● DATA SECTION:
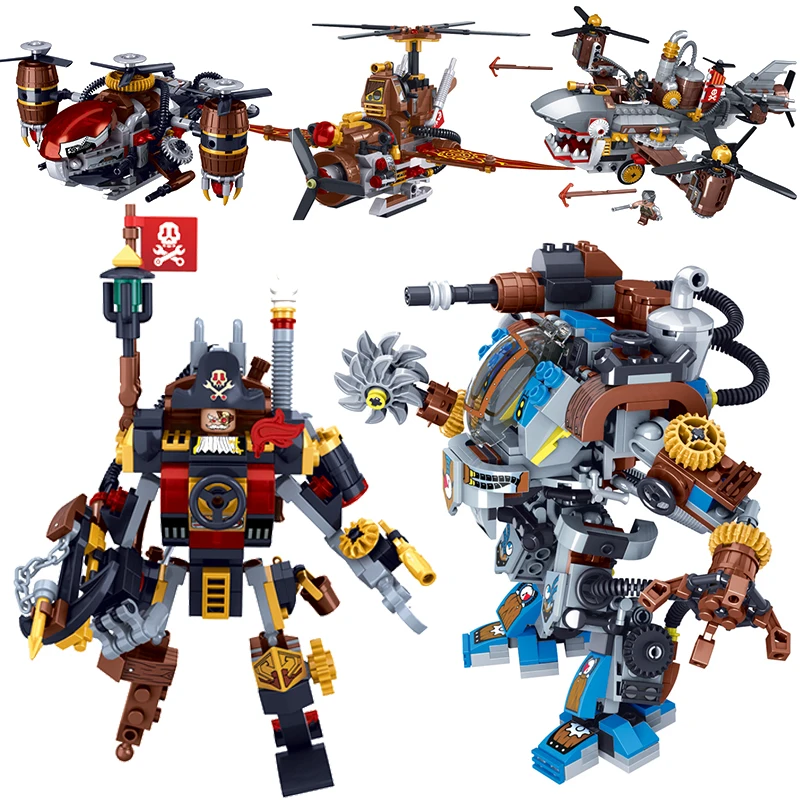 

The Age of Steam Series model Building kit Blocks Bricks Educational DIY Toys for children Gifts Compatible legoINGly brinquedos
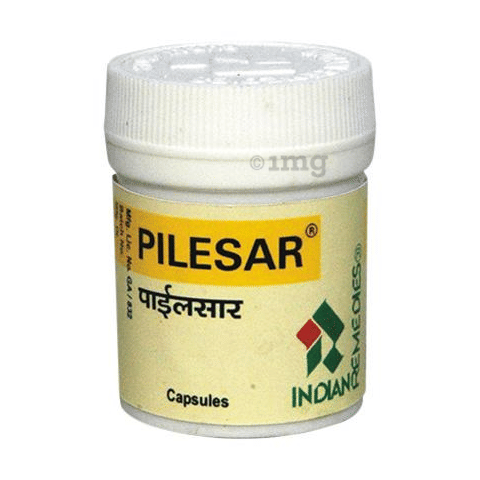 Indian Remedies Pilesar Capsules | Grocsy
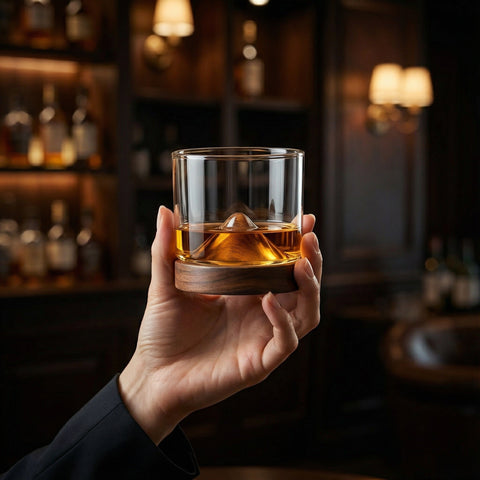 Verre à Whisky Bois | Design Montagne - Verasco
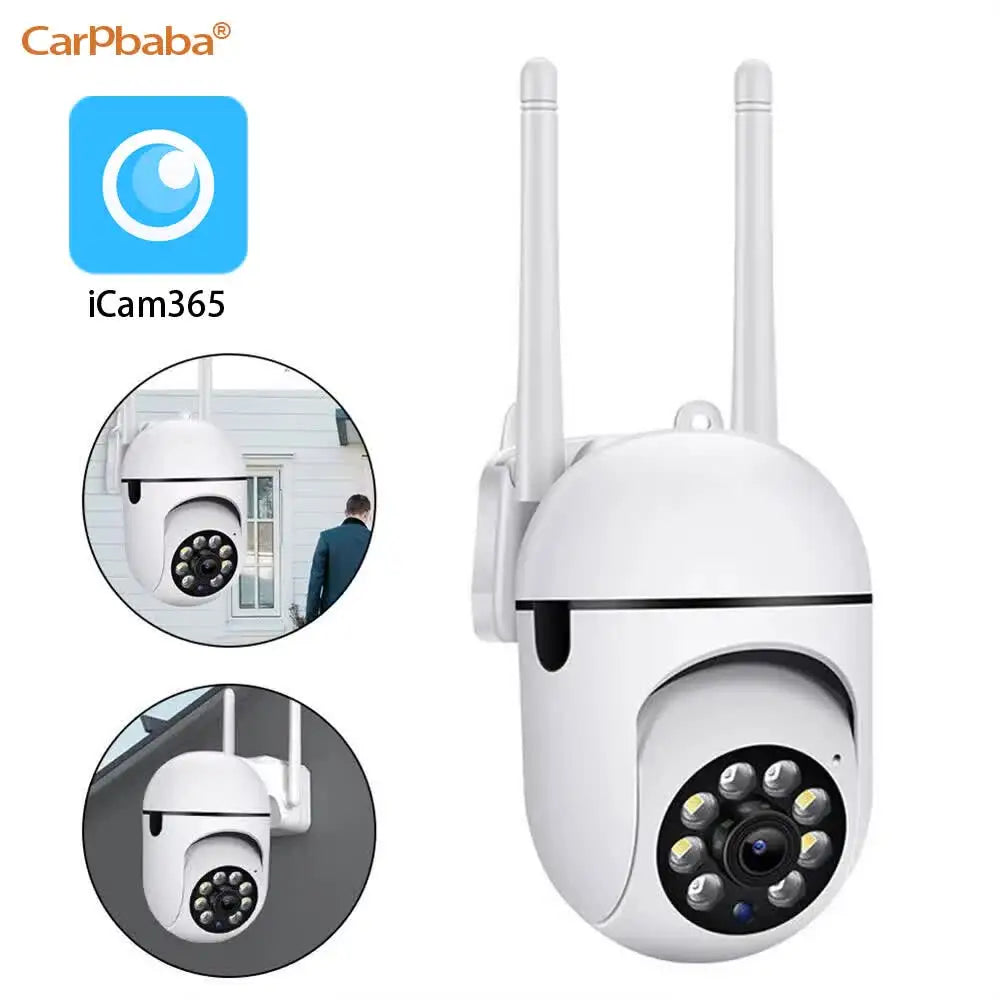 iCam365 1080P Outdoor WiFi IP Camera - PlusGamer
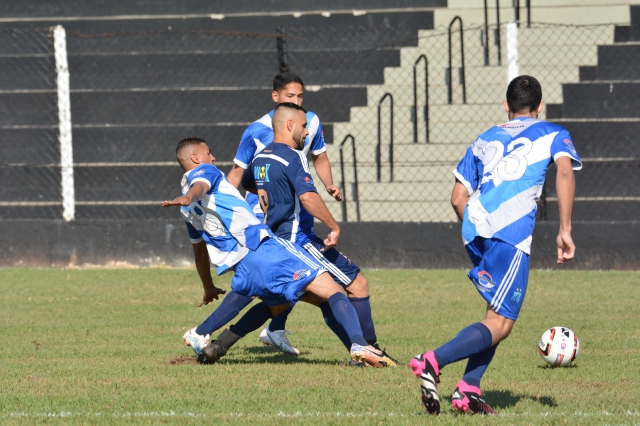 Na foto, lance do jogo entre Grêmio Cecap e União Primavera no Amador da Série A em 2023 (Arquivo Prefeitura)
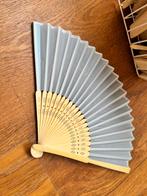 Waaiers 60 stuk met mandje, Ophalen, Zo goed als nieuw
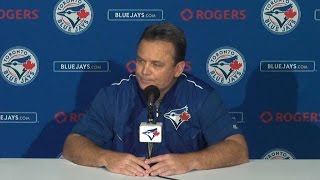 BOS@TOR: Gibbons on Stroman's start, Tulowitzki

● ACTION ITEM:
Within the listing above, find the line containing "Waaiers 60 stuk", then print it and every line after it exactly, leaving out pictures.

● EXERCISE ANSWER:
 Waaiers 60 stuk met mandje, Ophalen, Zo goed als nieuw
 BOS@TOR: Gibbons on Stroman's start, Tulowitzki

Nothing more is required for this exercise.